» Problem description
Look for the line with "Alto falante power voz 10pl 600ws - Foto 2" in the data below, then reproduce word for word that line and every line after it. Leave out all pictures and add nothing.

» Dataset content
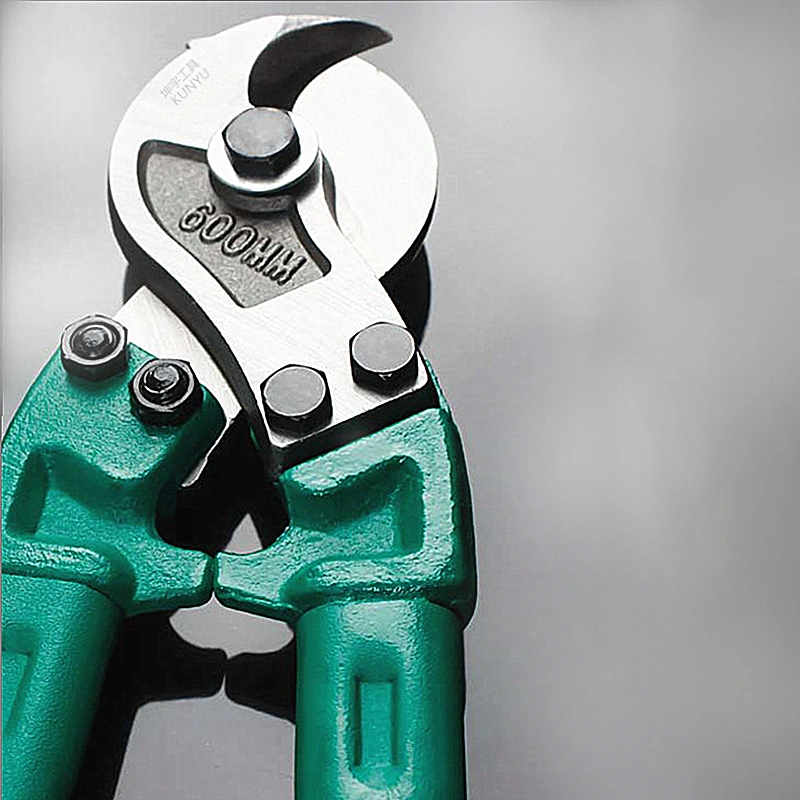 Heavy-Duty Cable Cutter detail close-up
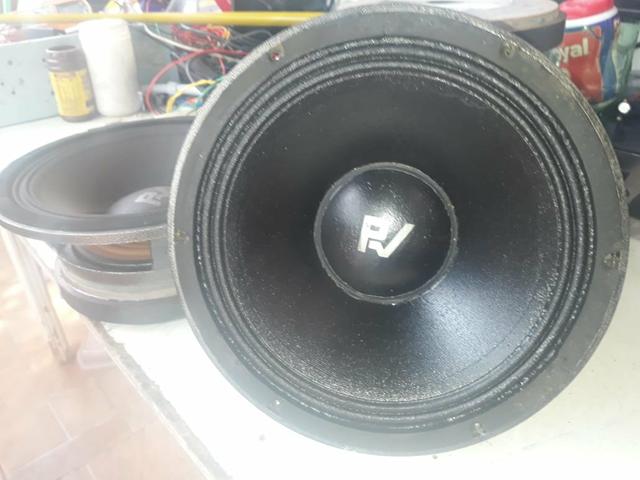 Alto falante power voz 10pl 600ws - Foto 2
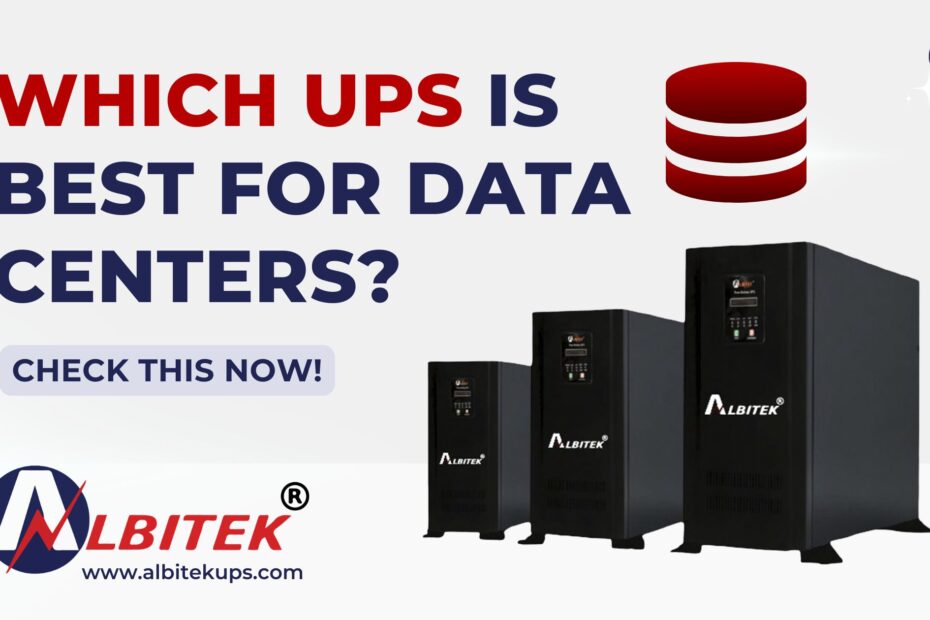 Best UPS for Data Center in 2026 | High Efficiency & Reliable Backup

» Task result
 Alto falante power voz 10pl 600ws - Foto 2
 Best UPS for Data Center in 2026 | High Efficiency & Reliable Backup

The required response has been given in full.